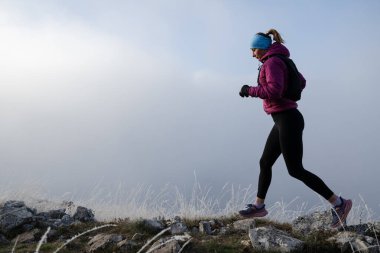 Koşan kadın sporcu, dağdaki ultra-maraton yarışına hazırlanıyor. Açık havada antrenman yapan koşucu bir kadın aktif ve zinde bir hayat sürüyor. Siluet sabahın erken saatlerinde.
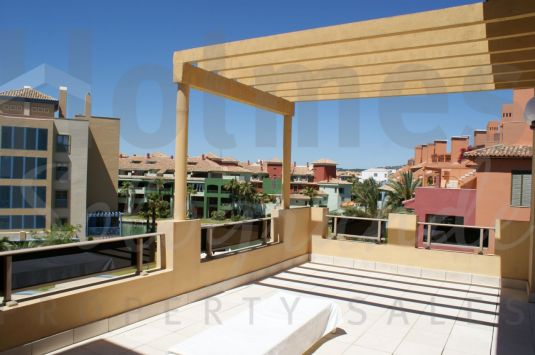 A furnished penthouse apartment in the Marina with a very sunny aspect and pleasant views.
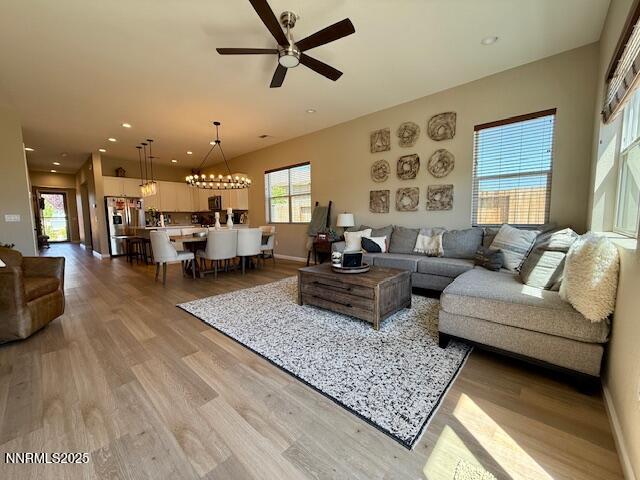 7800 Hoback Dr, Sparks, NV 89436 - living room featuring a ceiling fan, light wood-style floors, a chandelier, recessed lighting, and baseboards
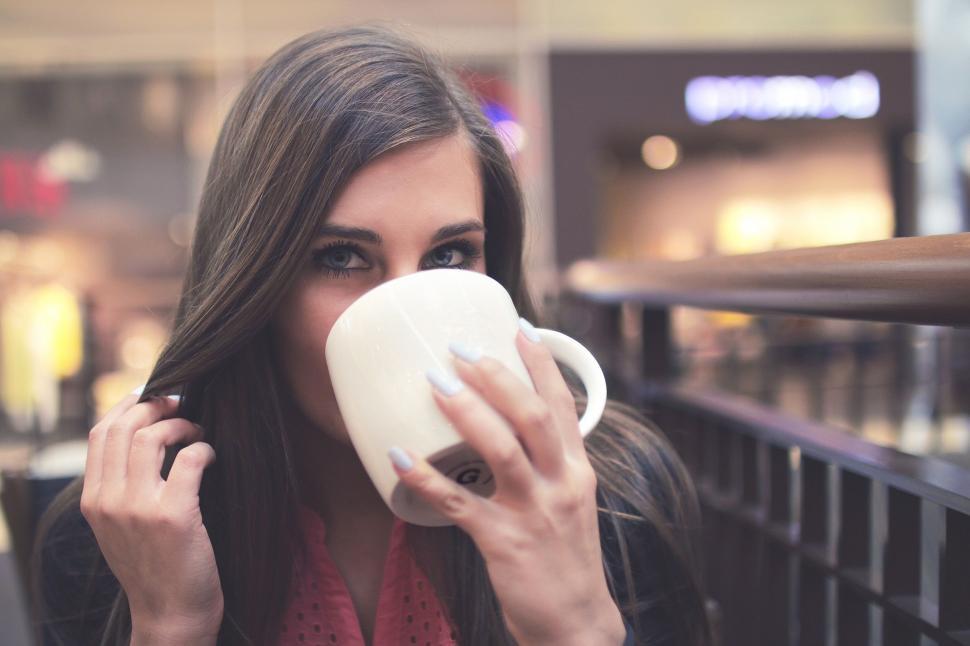 Free Image of Woman Drinking Coffee - Eye Contact  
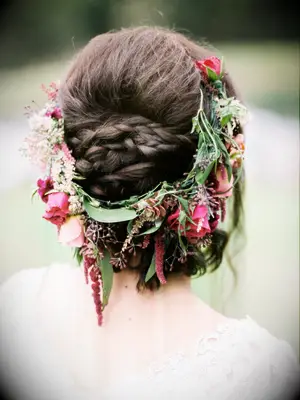 wedding hair flowers low bun surrounded by wildflowers and greenery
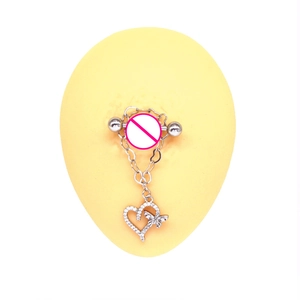 Macro shot of silver heart and butterfly charm nipple ring on silicone model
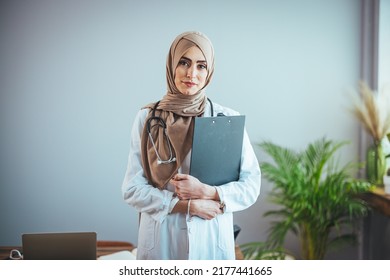 Muslim Arab person. The face of a female doctor on an isolated white background. The concept of Islamic health care in a technological research hospital. Nurse, nurse hijab nurse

#### What you are asked to do:
When a picture appears in the material, please pass over it while retyping the rest exactly.

#### Answer below:
 Koşan kadın sporcu, dağdaki ultra-maraton yarışına hazırlanıyor. Açık havada antrenman yapan koşucu bir kadın aktif ve zinde bir hayat sürüyor. Siluet sabahın erken saatlerinde.
 A furnished penthouse apartment in the Marina with a very sunny aspect and pleasant views.
 7800 Hoback Dr, Sparks, NV 89436 - living room featuring a ceiling fan, light wood-style floors, a chandelier, recessed lighting, and baseboards
 Free Image of Woman Drinking Coffee - Eye Contact  
 wedding hair flowers low bun surrounded by wildflowers and greenery
 Macro shot of silver heart and butterfly charm nipple ring on silicone model
 Muslim Arab person. The face of a female doctor on an isolated white background. The concept of Islamic health care in a technological research hospital. Nurse, nurse hijab nurse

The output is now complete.